Mensen die op een bepaald moment in hun leven verslaafd zijn geweest aan alcohol en cocaïne, evenals aan opioïden, hebben een grotere neurocognitieve stoornis, vooral in het uitvoerend functioneren. Omdat het uitvoerend functioneren van cruciaal belang is voor het nemen van beslissingen, en omdat problemen met leren en geheugen de juiste informatieopname kunnen verstoren, hebben mensen met opioïdenverslaving mogelijk meer ondersteuning nodig bij het nemen van medische beslissingen dan de meeste mensen.

fencyclidine

Ongeveer een derde van de gebruikers van fencyclidine heeft intermediaire neurocognitieve problemen nadat ze zijn gestopt, met aanhoudende problemen bij sommige gebruikers na onthouding.

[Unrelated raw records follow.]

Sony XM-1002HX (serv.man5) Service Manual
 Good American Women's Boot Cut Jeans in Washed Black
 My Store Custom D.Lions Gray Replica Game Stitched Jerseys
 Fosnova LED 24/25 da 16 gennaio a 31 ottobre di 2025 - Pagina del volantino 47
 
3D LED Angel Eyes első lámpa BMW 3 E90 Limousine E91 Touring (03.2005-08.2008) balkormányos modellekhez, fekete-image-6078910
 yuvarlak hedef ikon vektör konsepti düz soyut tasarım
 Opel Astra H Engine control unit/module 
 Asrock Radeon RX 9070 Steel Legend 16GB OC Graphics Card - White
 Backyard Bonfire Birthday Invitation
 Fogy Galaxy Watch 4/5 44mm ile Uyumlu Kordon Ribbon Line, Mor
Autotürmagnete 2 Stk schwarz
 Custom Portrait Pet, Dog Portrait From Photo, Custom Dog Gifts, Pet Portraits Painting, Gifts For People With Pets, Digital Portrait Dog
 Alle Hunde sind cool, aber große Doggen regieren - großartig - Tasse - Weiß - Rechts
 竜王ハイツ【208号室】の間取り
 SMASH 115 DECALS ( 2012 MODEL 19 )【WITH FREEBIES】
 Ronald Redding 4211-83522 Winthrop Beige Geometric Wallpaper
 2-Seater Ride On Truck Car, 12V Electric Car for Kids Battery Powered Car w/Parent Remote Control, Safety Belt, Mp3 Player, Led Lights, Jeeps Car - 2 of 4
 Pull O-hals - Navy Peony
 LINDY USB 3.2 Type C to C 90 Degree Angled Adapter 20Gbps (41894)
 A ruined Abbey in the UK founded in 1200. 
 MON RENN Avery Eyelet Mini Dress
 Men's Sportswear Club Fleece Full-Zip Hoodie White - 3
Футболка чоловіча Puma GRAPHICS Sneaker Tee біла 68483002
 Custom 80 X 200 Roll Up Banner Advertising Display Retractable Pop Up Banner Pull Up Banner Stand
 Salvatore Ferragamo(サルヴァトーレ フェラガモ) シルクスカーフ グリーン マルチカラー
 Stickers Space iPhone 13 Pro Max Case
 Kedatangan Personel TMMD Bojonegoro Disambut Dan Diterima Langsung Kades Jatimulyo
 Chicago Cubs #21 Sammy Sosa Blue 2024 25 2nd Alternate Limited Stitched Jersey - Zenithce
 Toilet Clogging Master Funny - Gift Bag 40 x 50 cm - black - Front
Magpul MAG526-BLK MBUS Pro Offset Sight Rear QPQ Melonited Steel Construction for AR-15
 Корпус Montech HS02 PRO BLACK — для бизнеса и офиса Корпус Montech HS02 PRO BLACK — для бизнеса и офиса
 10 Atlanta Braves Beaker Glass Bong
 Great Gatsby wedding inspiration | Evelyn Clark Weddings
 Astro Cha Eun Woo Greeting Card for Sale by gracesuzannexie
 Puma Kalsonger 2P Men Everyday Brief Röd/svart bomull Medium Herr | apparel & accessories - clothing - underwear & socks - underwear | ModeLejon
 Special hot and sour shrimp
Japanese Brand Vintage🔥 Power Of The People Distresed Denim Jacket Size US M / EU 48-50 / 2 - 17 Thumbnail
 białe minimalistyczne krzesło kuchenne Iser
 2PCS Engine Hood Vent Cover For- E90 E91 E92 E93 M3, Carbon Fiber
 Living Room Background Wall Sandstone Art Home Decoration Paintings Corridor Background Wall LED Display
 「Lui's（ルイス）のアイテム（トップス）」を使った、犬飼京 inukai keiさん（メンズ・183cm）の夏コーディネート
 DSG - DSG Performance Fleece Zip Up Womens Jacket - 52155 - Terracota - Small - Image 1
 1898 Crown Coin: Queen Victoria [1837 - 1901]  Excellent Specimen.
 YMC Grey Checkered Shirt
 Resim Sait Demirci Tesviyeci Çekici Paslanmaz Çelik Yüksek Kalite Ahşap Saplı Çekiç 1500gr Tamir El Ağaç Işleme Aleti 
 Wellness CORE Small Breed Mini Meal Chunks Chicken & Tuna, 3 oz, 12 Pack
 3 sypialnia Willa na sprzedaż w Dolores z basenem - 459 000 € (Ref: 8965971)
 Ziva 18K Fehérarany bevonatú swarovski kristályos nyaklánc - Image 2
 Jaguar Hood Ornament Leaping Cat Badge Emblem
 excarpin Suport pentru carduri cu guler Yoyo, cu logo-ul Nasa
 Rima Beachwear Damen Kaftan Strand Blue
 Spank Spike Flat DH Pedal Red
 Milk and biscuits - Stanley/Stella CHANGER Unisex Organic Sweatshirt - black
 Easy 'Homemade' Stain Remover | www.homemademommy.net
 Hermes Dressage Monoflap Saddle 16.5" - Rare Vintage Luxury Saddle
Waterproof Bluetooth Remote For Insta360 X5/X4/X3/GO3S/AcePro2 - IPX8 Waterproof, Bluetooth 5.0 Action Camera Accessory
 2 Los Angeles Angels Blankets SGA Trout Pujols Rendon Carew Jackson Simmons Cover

Sedatieve, hypnotische of anxiolytische medicijnen

Zoals met veel soorten drugs, zijn er tussentijdse problemen bij ongeveer een derde van de gebruikers van kalmerende, hypnotische en anxiolytische medicijnen, met aanhoudende problemen bij sommige gebruikers na onthouding. Het feit dat de meeste mensen die deze medicijnen gebruiken, deze medicijnen voorgeschreven krijgen, brengt bijzondere problemen met zich mee, vooral als het gaat om problemen met rijvaardigheid.

Experimenteel onderzoek heeft specifieke tekortkomingen in de rijvaardigheid aangetoond bij mensen die deze medicijnen gebruiken. Benzodiazepinen, een type middel dat het centrale zenuwstelsel onderdrukt, wordt ook in verband gebracht met de grootste kans op het veroorzaken van ongevallen.

Een woord van Verywell

Cognitieve stoornissen als gevolg van alcohol-, drugs- of medicatiegebruik kunnen verwarrend en verontrustend zijn en kunnen problemen veroorzaken voor de getroffen persoon en zijn omgeving. Het goede nieuws is dat als u onder medisch toezicht stopt met drinken of het gebruik van de drug of medicatie, de kans groot is dat u volledig herstelt, ook al kost dit tijd.

Als u of iemand om wie u geeft getroffen is, zal het krijgen van een diagnose helpen bepalen welke hulp nodig is om goed te kunnen functioneren in het dagelijks leven.